With the variability inherent in train operations and locomotive operations, railroads needed to determine the optimal locomotive fleet size and mix to achieve a specific on-time train departure performance.
Large freight railroads in the United States own several thousand locomotives to power the thousands of trains they operate every day. When trains run late or are cancelled, locomotives become unavailable to run other trains. Locomotives also visit shops for fueling, scheduled maintenance and repairs. With the variability inherent in train operations (with late or cancelled trains) and locomotive operations (with late locomotives or breakdown of locomotives), railroads needed to determine the optimal locomotive fleet size and mix to achieve a specific on-time train departure performance.

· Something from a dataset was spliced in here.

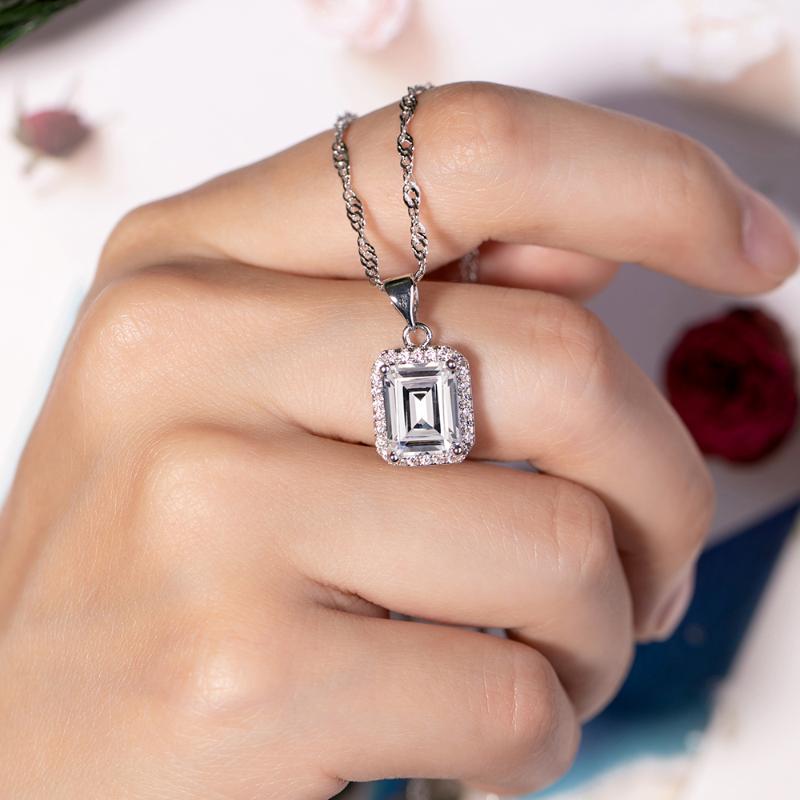 Brand 925 Sterling Silver Jewelry White Sapphire Stone 4ct Emerald cut Created Moissanite Pendant Square Necklace for Women
Brand 925 Sterling Silver Jewelry White Sapphire Stone 4ct Emerald cut Created Moissanite Pendant Square Necklace for Women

They also needed to identify ideal shop locations, capacities and capabilities, as well as the impact of different operating practices on locomotive productivity and utilization. To answer these questions, the planners required a simulation system that realistically modeled the movement of locomotives in the train network. CSX Transportation hired Optym to build this simulation system.
We developed a discrete event simulation system to model the randomness and movement of locomotives in the train network. This detailed simulation system modeled train delays, scheduled and breakdown locomotive maintenance and locomotive shop capacities and capabilities. After completing the simulation, we generated a variety of reports related to locomotive utilization and productivity and shop capacity utilization. We packaged the simulation engine within a decision support system, which enabled the user to change input data, run simulations and analyze simulation outputs through reports, graphs and charts. Our new platform also created multiple scenarios for storing and displaying results of different studies. We validated the simulation system by comparing the network performance statistics that it obtained with those observed in the real world. We found both to be sufficiently close.
- Assess the impact of increasing locomotive fleet size on on-time train performance
- Estimate the number of locomotives needed to meet future train requirements
- Analyze the impact of locomotive shop locations, capabilities and capacities on locomotive downtime.
Our new system has provided company management with objective and verifiable insights into locomotive productivity and efficiency.